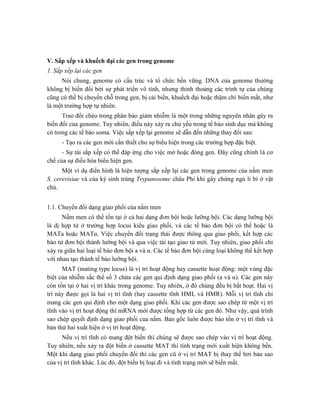 V. Sắp xếp và khuếch đại các gen trong genome
1. Sắp xếp lại các gen
Nói chung, genome có cấu trúc và tổ chức bền vững. DNA của genome thường
không bị biến đổi bởi sự phát triển vô tính, nhưng thỉnh thoảng các trình tự của chúng
cũng có thể bị chuyển chỗ trong gen, bị cải biến, khuếch đại hoặc thậm chí biến mất, như
là một trường hợp tự nhiên.
Trao đổi chéo trong phân bào giảm nhiễm là một trong những nguyên nhân gây ra
biến đổi của genome. Tuy nhiên, điều này xảy ra chủ yếu trong tế bào sinh dục mà không
có trong các tế bào soma. Việc sắp xếp lại genome sẽ dẫn đến những thay đổi sau:
- Tạo ra các gen mới cần thiết cho sự biểu hiện trong các trường hợp đặc biệt.
- Sự tái sắp xếp có thể đáp ứng cho việc mở hoặc đóng gen. Đây cũng chính là cơ
chế của sự điều hòa biểu hiện gen.
Một ví dụ điển hình là hiện tượng sắp xếp lại các gen trong genome của nấm men
S. cerevisiae và của ký sinh trùng Trypanosome châu Phi khi gây chứng ngủ li bì ở vật
chủ.
1.1. Chuyển đổi dạng giao phối của nấm men
Nấm men có thể tồn tại ở cả hai dạng đơn bội hoặc lưỡng bội. Các dạng lưỡng bội
là dị hợp tử ở trường hợp locus kiểu giao phối, và các tế bào đơn bội có thể hoặc là
MATa hoặc MATα. Việc chuyển đổi trạng thái được thông qua giao phối, kết hợp các
bào tử đơn bội thành lưỡng bội và qua việc tái tạo giao tử mới. Tuy nhiên, giao phối chỉ
xảy ra giữa hai loại tế bào đơn bội a và α. Các tế bào đơn bội cùng loại không thể kết hợp
với nhau tạo thành tế bào lưỡng bội.
MAT (mating type locus) là vị trí hoạt động hay cassette hoạt động: một vùng đặc
biệt của nhiễm sắc thể số 3 chứa các gen qui định dạng giao phối (a và α). Các gen này
còn tồn tại ở hai vị trí khác trong genome. Tuy nhiên, ở đó chúng đều bị bất hoạt. Hai vị
trí này được gọi là hai vị trí tĩnh (hay cassette tĩnh HML và HMR). Mỗi vị trí tĩnh chỉ
mang các gen qui định cho một dạng giao phối. Khi các gen được sao chép từ một vị trí
tĩnh vào vị trí hoạt động thì mRNA mới được tổng hợp từ các gen đó. Như vậy, quá trình
sao chép quyết định dạng giao phối của nấm. Bản gốc luôn được bảo tồn ở vị trí tĩnh và
bản thứ hai xuất hiện ở vị trí hoạt động.
Nếu vị trí tĩnh có mang đột biến thì chúng sẽ được sao chép vào vị trí hoạt động.
Tuy nhiên, nếu xảy ra đột biến ở cassette MAT thì tính trạng mới xuất hiện không bền.
Một khi dạng giao phối chuyển đổi thì các gen cũ ở vị trí MAT bị thay thế bởi bản sao
của vị trí tĩnh khác. Lúc đó, đột biến bị loại đi và tính trạng mới sẽ biến mất.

Problem to work on: Exactly the lines above from the one with "Một ví dụ điển" to the one with "là dị hợp tử", both included, are to be quoted; leave the rest out.

Written solution:
Một ví dụ điển hình là hiện tượng sắp xếp lại các gen trong genome của nấm men
S. cerevisiae và của ký sinh trùng Trypanosome châu Phi khi gây chứng ngủ li bì ở vật
chủ.
1.1. Chuyển đổi dạng giao phối của nấm men
Nấm men có thể tồn tại ở cả hai dạng đơn bội hoặc lưỡng bội. Các dạng lưỡng bội
là dị hợp tử ở trường hợp locus kiểu giao phối, và các tế bào đơn bội có thể hoặc là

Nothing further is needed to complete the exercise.